There’s at least one potentially surprising vote for Taney to stay. Lynne M. Jackson, Scott's great-great-granddaughter, says if it were up to her, she'd leave Taney's bust where it is. But she said she’d add something too: a bust of Dred Scott.
“I’m not really a fan of wiping things out," Jackson said in a telephone interview with The Associated Press earlier this week from her home in Missouri.
The president and founder of The Dred Scott Heritage Foundation, Jackson has seen other Taney sculptures removed in recent years, particularly in Taney's native Maryland, where he was the state's attorney general before becoming U.S. attorney general and then chief justice.
In the summer of 2017, shortly after white nationalists gathered in Charlottesville, Virginia, to protest the removal of a statue of Confederate Gen. Robert E. Lee, Baltimore's mayor removed statues of Lee, Taney and others.A statue of Taney was removed from the grounds of the State House in Annapolis, Maryland, around the same time. And a bust of Taney was removed that year from outside city hall in Frederick, Maryland.
But Taney's name and likeness remain in plenty of other places. Missouri has a Taney County. Philadelphia has a Taney Street. And another Taney bust sits alongside all other former chief justices in the Supreme Court's Great Hall, a soaring, marble-columned corridor that leads to the courtroom. A portrait of Taney hangs in one of the court's conference rooms.
Jackson said she believes that what memorials honoring figures like Taney need is context. At the Capitol, the Taney statue sits in the "place where the Dred Scott case was decided,” but the fact he is ”there by himself is lopsided,” Jackson said in suggesting a bust of Scott be added. She had proposed a similar fix for the Taney statue in Annapolis.
The bill lawmakers will vote on Wednesday proposes replacing the Taney bust with one of Justice Thurgood Marshall, who in 1967 became the Supreme Court's first Black justice. A similar bill has been introduced in the Senate, but prospects for passage there are uncertain.
President Donald Trump has opposed the removal of historic statues elsewhere. And he's strongly condemned those who toppled statues during protests over racial injustice and police brutality following the May death of George Floyd in Minneapolis.
In Congress, Taney's bust was controversial from the start.

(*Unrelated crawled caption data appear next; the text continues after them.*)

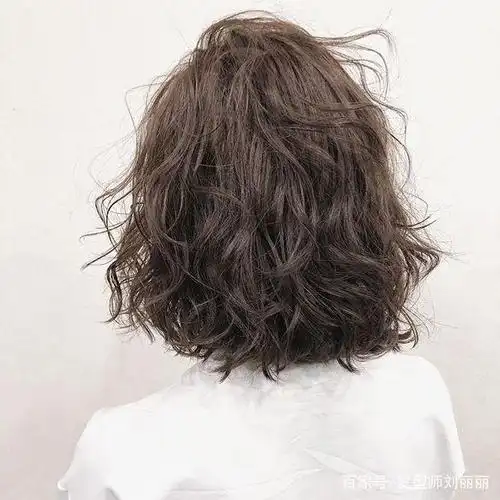 2019气质"短卷发"20款,快来看看有没有适合你的那一款!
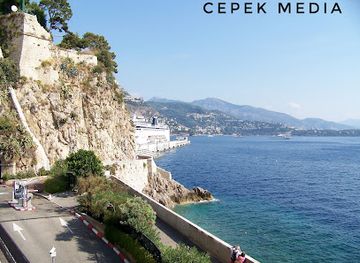 monaco/fontvieille-park/bar/garden-perk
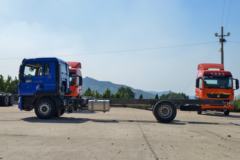 中国重汽 HOWO TX 220马力 4X2 7.8米翼开启厢式载货车(国六)(ZZ5167XYKK501GF1)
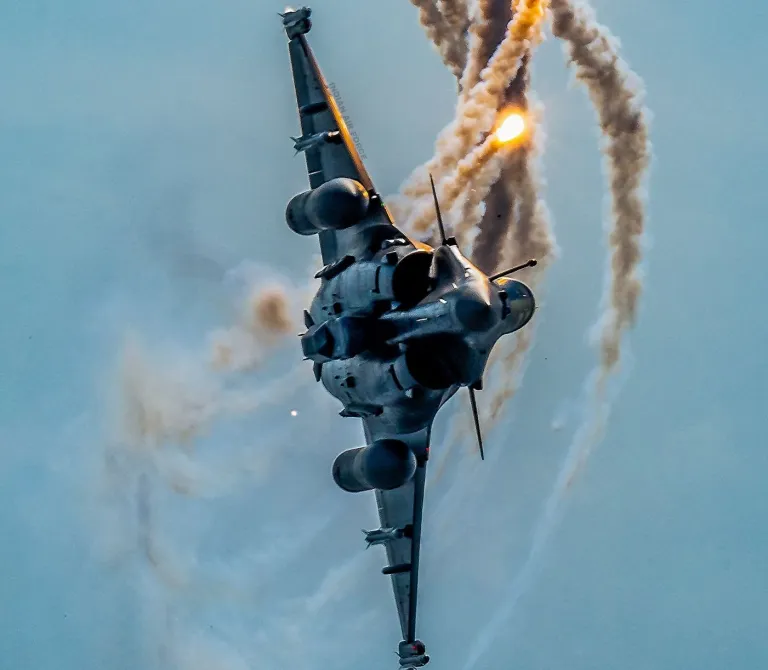 بنگلادش به دنبال این جنگنده فرانسوی است/ عکس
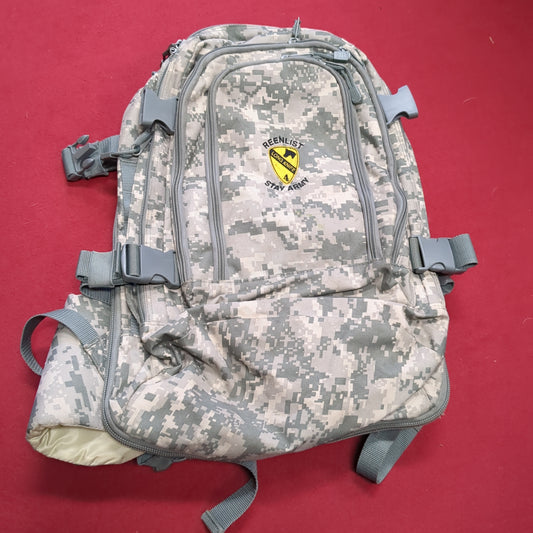 US Army Reenlist Stay Army 1st Cav Long Knife ACU/UCP Digital Pack Bag Excellent Condition (BA12-OCT159)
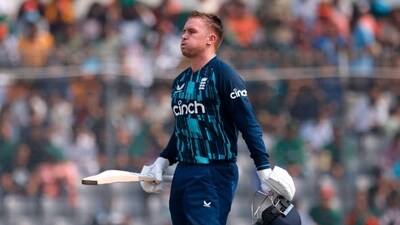 Cricket - Second ODI - Bangladesh v England - Sher-e-Bangla National Cricket Stadium, Dhaka, Bangladesh - March 3, 2023 England's Jason Roy celebrates after reaching his century REUTERS/Adnan Abidi (REUTERS)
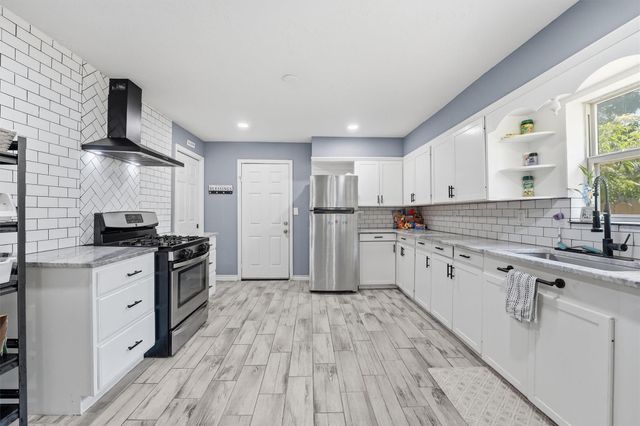 9330 E Avenue L, Houston, TX 77012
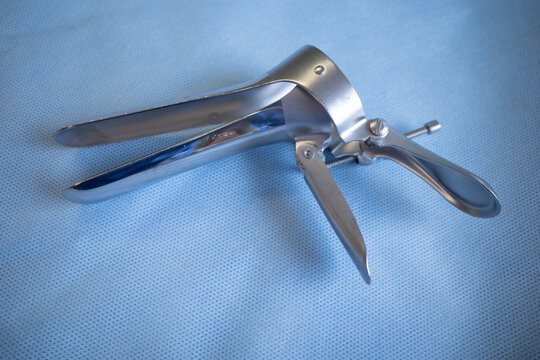 speculum for a gynecological examination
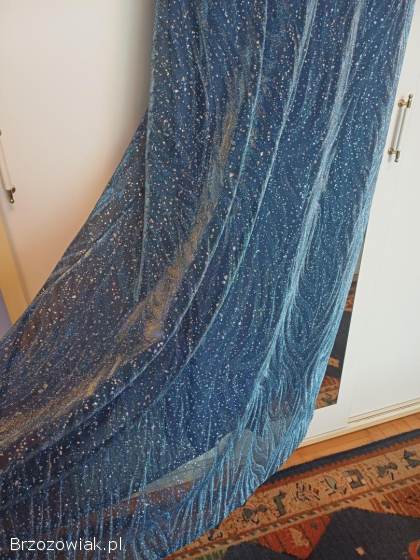 Elegancka efektowna sukienka 46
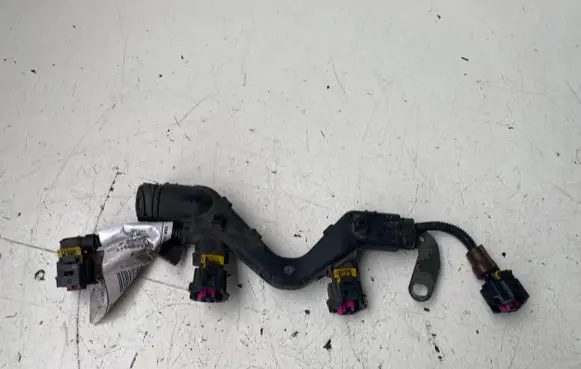 Opel Insignia A Fuel injector wires 55580911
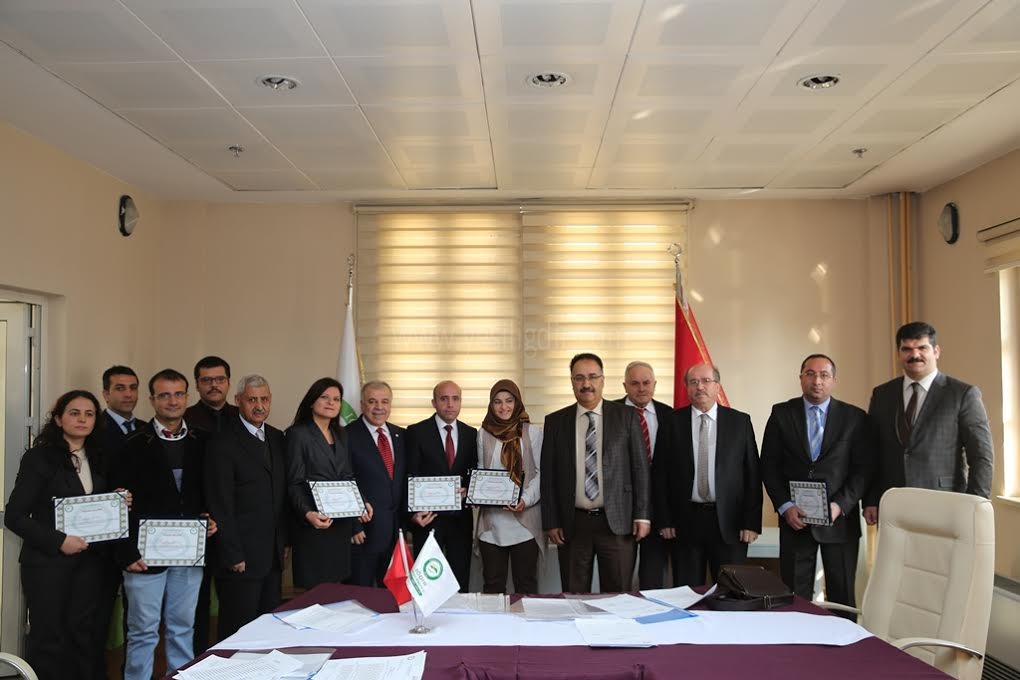 Üniversitemizde Başarılı Personeller Ödüllendirildi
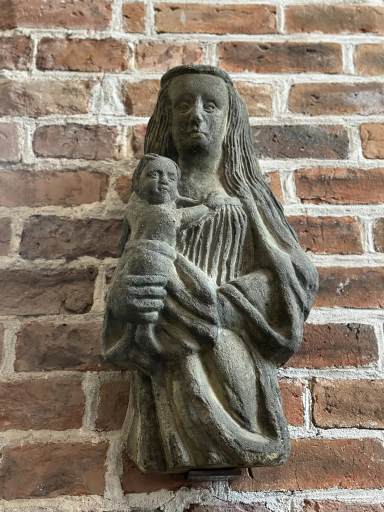 Statue of Saint Mary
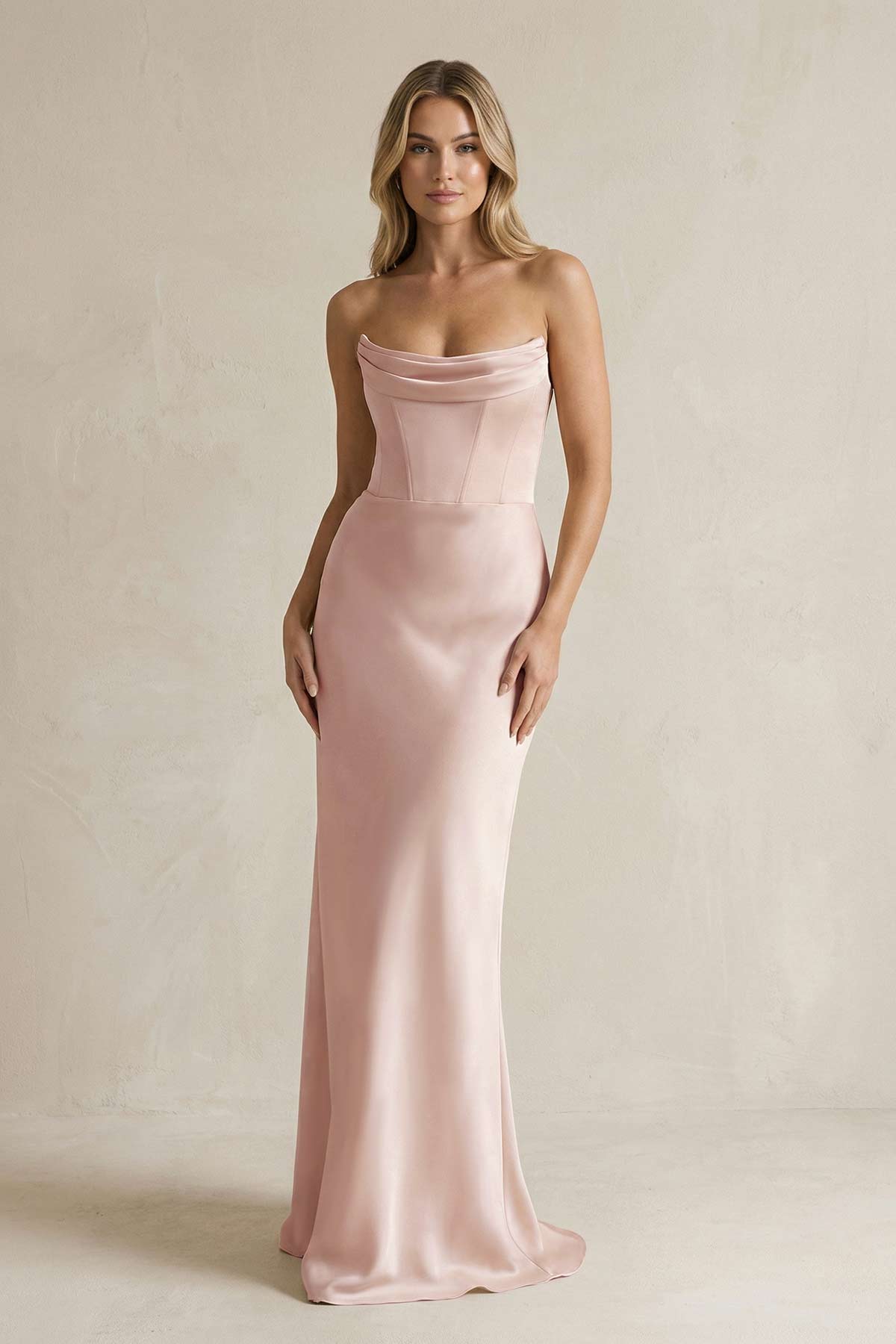 Robe demoiselle d’honneur pale blush longue sans manches froncée à corset - Harana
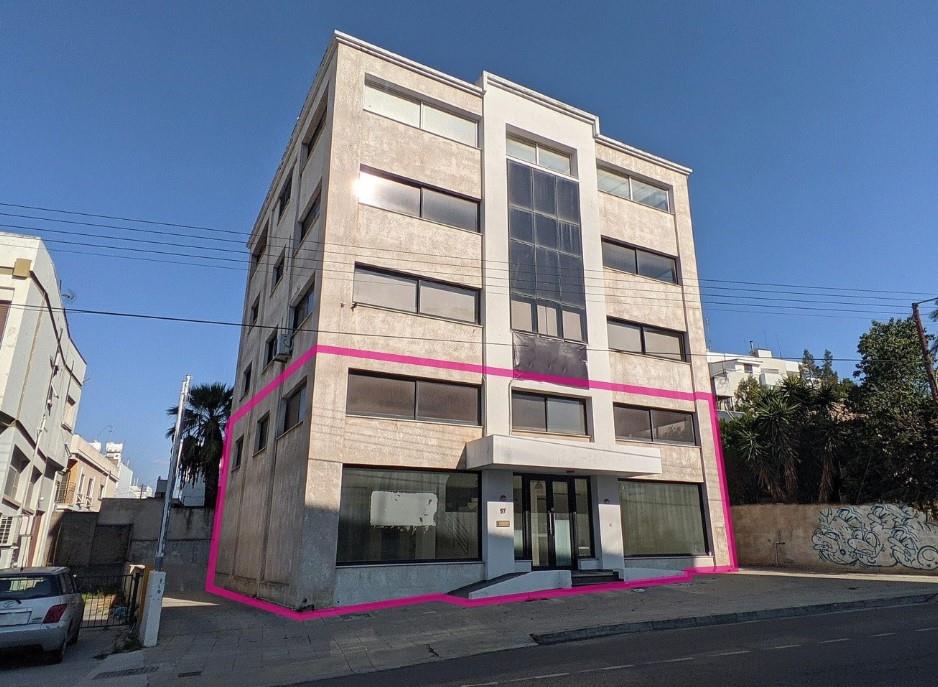 5430632956027612 7. Πολυχρηστικός ισόγειος χώρος με πατάρι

When Illinois Sen. Lyman Trumbull proposed its creation in 1865, shortly after Taney's death, he got into a heated debate with Massachusetts Sen. Charles Sumner, a fierce opponent of slavery.
“Let me tell that Senator that the name of Taney is to be hooted down the page of history. Judgment is beginning now," Sumner said. "And an emancipated country will fasten upon him the stigma which he deserves.”
Funding for a Taney bust wasn't approved until almost a decade later. Today, near the Taney bust, inside the old Supreme Court chamber, there are also busts of the nation's first four chief justices. The first, John Marshall, is the only person to serve as chief justice longer than Taney and a revered figure in the law.
But Marshall too was a deeply flawed man, as were other justices, said Paul Finkelman, the president of Gratz College in Pennsylvania and the author of “Supreme Injustice: Slavery in the Nation’s Highest Court." Marshall bought slaves most of his life, a fact his biographers largely ignored, and was hostile to the idea of Blacks gaining their freedom, Finkelman said. Before the Civil War, probably the majority of justices owned slaves, he said.
“It’s not pretty. It’s who they were," Finkelman said.